Na verdade, mesmo no ano passado, já às voltas com redução de 25% nas vendas de automóveis e de 50% nas de caminhões e ônibus, a chegada da PPE foi saudada tanto pelas montadoras quanto pelos sindicatos dos trabalhadores como uma forma de ganhar tempo até que, no início deste ano, a curva voltasse a apontar para o alto. Alto pequeno. Talvez até menor do que 5%. Mas já para o alto.
A realidade foi bem diferente. Bem pior. Muito pior: a bordo de uma grande e inesperada instabilidade política, da insegurança dos consumidores gerada por milhões de demissões, de taxas ainda mais elevadas de juros e de crédito bancário ainda mais restrito, o que chegou, este ano, foi nova queda na faixa dos dois dígitos. Possivelmente acima de 20%.

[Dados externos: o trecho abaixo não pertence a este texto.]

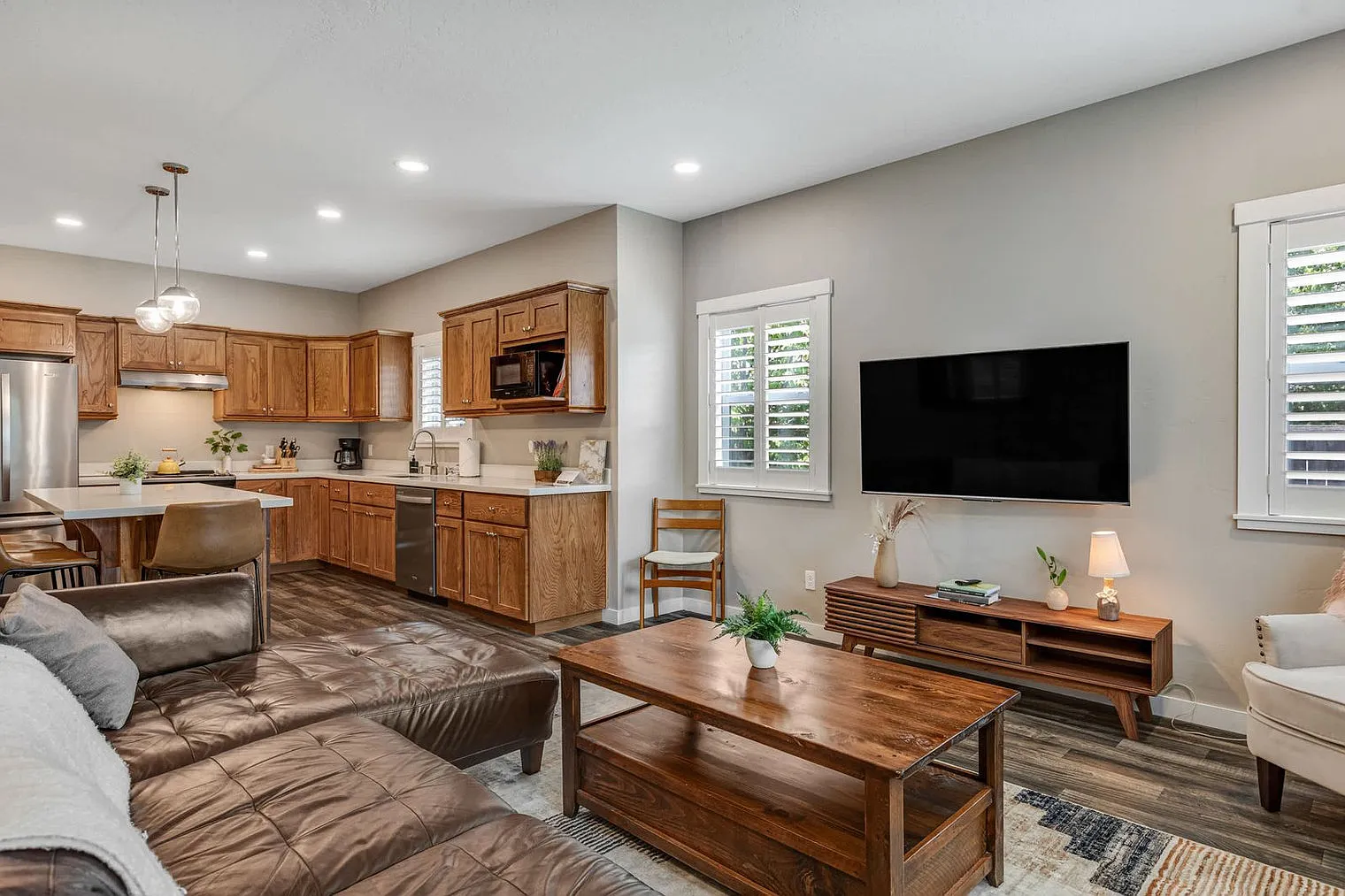3 bed, 2.0 bath, 1194 sqft, $3,906 — Photo 2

Mais uma vez todas aqueles ilustres cavalheiros em postos de comando no setor automotivo, todos de tão sólida formação, erraram completamente suas previsões.

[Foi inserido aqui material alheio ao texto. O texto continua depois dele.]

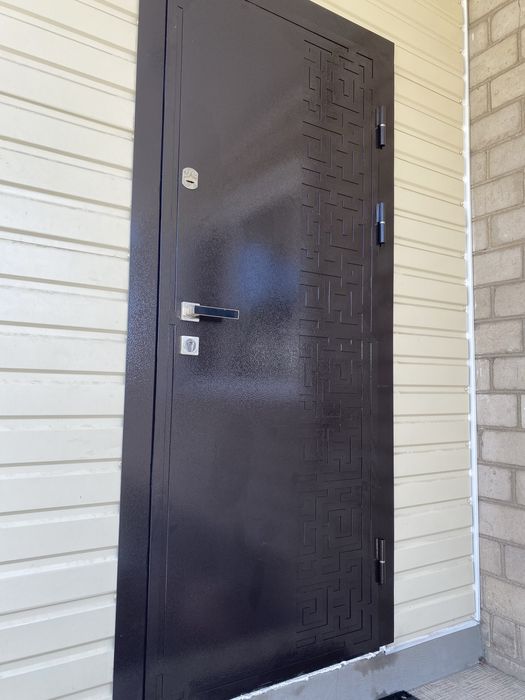 Виготовлення металевих дверей та Воріт з жалюзі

Ou será que não? Tanto os fabricantes de caminhões quanto os produtores de automóveis mantém firme a aposta de que, apesar de todos os pesares de curto prazo, de curtíssimo prazo, os fundamentos continuam todos a postos.
E muito bem postos: a agricultura permanece registrando recordes, as obras de infraestrutura ainda terão de ser feitas e a relação automóvel por habitante continua sendo, de longe, a mais baixa no mundo dos países emergentes.
Neste contexto o Brasil real nada teria a ver com esta versão Macunaíma que hoje vivemos, sobretudo na Capital Federal. Mas seria, sim, o outro, aquele com a curva de tendência devidamente embicada para cima.
O Brasil real seria, em síntese, aquele que serviu de base para todos os investimentos que agora estão resultando em tantas novas fábricas, em tantos novos empregos que permanecem apenas em potencial.
Na base das dificuldades de hoje estaria, enfim, aquele mesmo ajuste previsto para acontecer após quase uma década de crescimento constante. Com duração e efeitos maiores do que os inicialmente projetados por ter extrapolado as fronteiras da economia e se espraiado também para a esfera política. Mas, ainda assim, apenas um ajuste. Nada muito mais do que um acidente de percurso.
Será? Faz, no mínimo, algum sentido. Vale cruzar os dedos.